[Stored items]
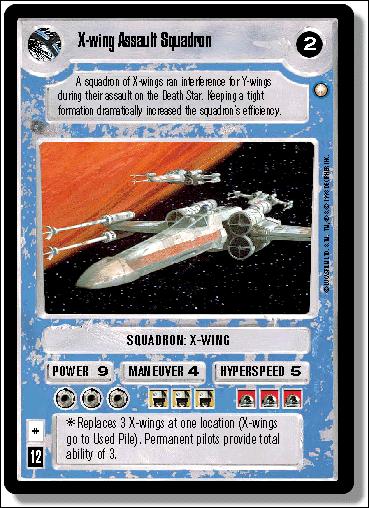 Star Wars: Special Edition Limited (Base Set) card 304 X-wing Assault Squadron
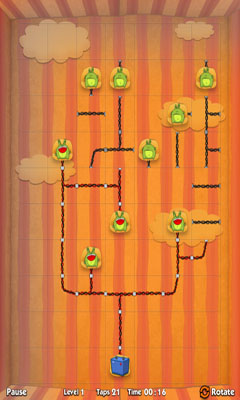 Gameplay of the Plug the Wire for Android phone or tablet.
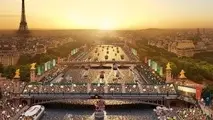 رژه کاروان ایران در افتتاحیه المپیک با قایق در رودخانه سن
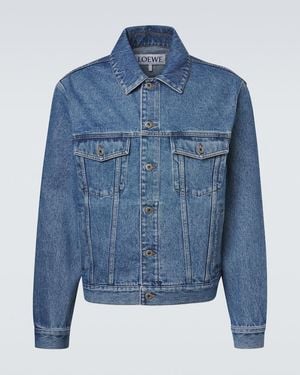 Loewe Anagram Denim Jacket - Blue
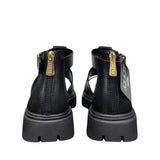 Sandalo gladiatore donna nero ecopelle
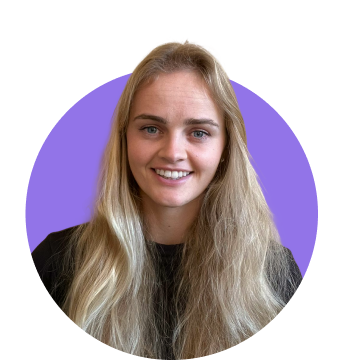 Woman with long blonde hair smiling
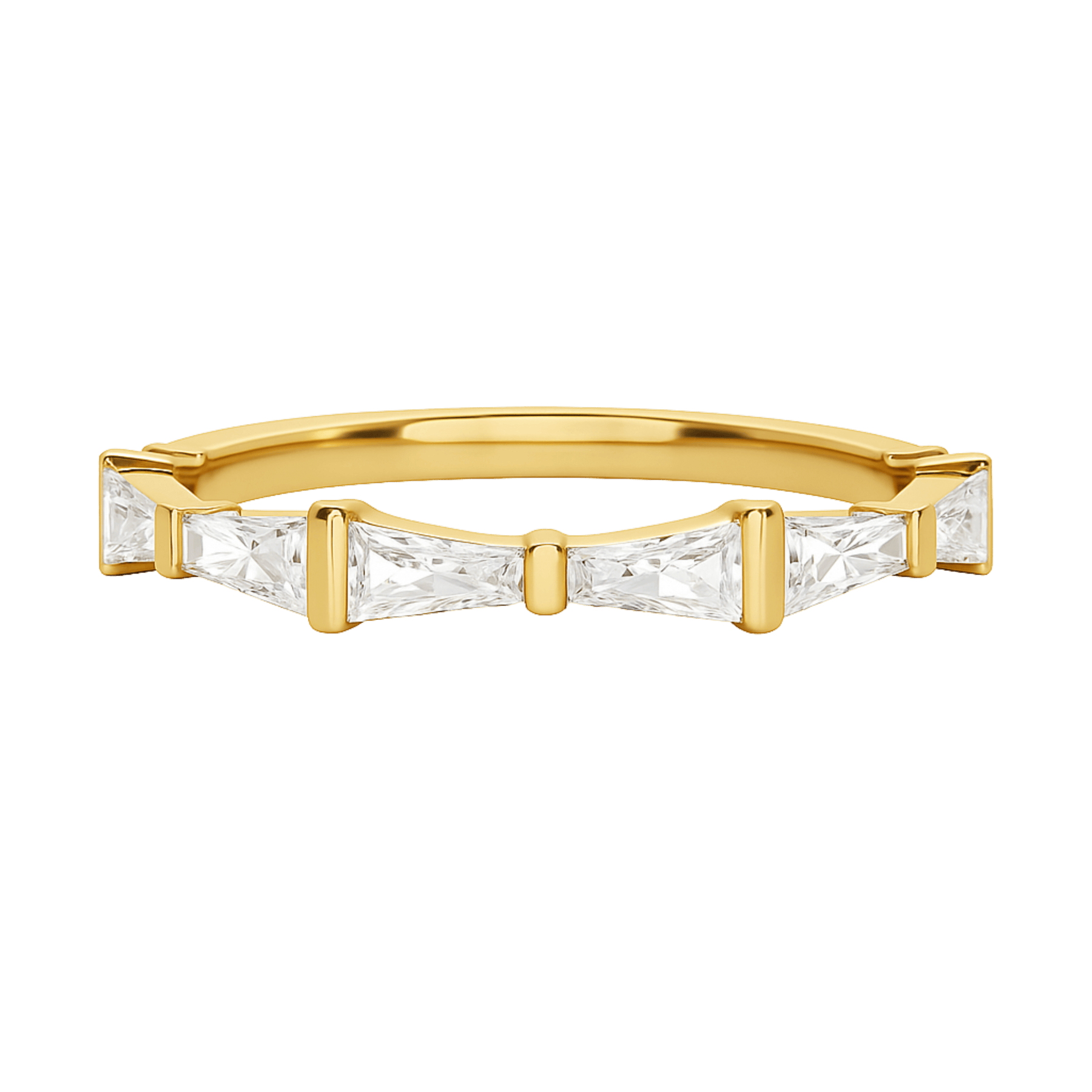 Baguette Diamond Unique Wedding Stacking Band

> _What you need to do_
If a record contains a picture, leave the picture out; repeat the record itself exactly.

> _Output for this exercise_
 Star Wars: Special Edition Limited (Base Set) card 304 X-wing Assault Squadron
 Gameplay of the Plug the Wire for Android phone or tablet.
 رژه کاروان ایران در افتتاحیه المپیک با قایق در رودخانه سن
 Loewe Anagram Denim Jacket - Blue
 Sandalo gladiatore donna nero ecopelle
 Woman with long blonde hair smiling
 Baguette Diamond Unique Wedding Stacking Band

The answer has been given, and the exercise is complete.